=== Begin Enclosure ===

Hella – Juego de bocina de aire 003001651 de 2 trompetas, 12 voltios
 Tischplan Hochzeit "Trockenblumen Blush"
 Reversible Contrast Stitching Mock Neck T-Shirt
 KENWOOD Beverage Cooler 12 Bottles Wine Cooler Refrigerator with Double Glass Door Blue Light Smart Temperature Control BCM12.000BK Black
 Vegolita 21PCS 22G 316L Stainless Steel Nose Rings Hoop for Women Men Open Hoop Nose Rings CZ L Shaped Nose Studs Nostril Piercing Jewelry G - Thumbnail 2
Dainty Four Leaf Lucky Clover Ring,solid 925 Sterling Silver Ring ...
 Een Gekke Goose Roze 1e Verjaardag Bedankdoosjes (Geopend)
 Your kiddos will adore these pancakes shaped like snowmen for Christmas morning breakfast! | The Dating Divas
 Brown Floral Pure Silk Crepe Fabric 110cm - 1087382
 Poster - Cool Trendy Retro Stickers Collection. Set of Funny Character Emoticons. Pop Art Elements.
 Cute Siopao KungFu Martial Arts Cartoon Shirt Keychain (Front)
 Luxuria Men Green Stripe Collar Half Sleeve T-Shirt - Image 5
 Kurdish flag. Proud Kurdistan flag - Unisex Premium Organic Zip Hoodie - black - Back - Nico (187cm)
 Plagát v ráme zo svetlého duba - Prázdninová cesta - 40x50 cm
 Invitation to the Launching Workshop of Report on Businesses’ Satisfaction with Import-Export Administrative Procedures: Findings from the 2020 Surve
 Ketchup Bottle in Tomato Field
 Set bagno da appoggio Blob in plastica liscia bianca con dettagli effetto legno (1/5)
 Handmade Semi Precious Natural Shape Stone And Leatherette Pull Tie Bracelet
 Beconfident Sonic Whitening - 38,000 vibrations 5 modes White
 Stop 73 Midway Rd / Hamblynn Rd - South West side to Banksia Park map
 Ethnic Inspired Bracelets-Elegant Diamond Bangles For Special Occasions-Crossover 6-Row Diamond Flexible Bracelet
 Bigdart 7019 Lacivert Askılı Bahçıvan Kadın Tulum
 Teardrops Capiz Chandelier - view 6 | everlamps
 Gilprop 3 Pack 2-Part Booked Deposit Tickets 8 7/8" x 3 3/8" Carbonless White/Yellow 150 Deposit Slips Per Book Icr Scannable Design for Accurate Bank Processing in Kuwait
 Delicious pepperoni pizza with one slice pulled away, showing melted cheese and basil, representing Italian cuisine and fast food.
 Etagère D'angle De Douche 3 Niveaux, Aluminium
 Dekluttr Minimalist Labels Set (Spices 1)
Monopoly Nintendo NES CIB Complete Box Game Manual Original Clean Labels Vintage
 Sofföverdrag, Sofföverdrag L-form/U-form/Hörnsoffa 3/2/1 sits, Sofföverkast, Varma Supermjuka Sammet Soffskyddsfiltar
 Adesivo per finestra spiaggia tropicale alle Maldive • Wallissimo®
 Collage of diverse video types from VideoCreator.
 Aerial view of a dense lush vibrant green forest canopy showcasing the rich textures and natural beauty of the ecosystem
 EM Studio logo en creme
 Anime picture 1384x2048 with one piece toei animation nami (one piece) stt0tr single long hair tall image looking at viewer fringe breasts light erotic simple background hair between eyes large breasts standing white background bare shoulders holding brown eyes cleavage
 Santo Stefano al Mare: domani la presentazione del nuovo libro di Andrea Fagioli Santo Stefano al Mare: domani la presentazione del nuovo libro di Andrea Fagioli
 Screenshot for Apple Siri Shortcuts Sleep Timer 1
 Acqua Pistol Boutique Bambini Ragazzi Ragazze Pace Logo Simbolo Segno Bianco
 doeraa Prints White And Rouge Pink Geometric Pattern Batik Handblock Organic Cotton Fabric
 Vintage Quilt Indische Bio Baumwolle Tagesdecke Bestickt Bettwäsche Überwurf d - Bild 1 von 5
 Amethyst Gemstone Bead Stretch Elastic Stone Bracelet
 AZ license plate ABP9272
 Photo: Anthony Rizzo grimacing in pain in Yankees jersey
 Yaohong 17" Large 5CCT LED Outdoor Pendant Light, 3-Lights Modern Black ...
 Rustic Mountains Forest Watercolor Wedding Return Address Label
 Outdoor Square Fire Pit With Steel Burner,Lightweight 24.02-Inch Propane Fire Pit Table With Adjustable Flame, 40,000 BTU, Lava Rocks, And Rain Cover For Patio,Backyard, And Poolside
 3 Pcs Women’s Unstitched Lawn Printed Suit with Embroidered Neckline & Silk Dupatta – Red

=== End Enclosure ===

▸ TASK PROMPT:
Set down the line holding "AZ license plate ABP9272" and all later lines through the last one in the material above, exactly, and no other lines.

▸ RESULT OF THE TASK:
 AZ license plate ABP9272
 Photo: Anthony Rizzo grimacing in pain in Yankees jersey
 Yaohong 17" Large 5CCT LED Outdoor Pendant Light, 3-Lights Modern Black ...
 Rustic Mountains Forest Watercolor Wedding Return Address Label
 Outdoor Square Fire Pit With Steel Burner,Lightweight 24.02-Inch Propane Fire Pit Table With Adjustable Flame, 40,000 BTU, Lava Rocks, And Rain Cover For Patio,Backyard, And Poolside
 3 Pcs Women’s Unstitched Lawn Printed Suit with Embroidered Neckline & Silk Dupatta – Red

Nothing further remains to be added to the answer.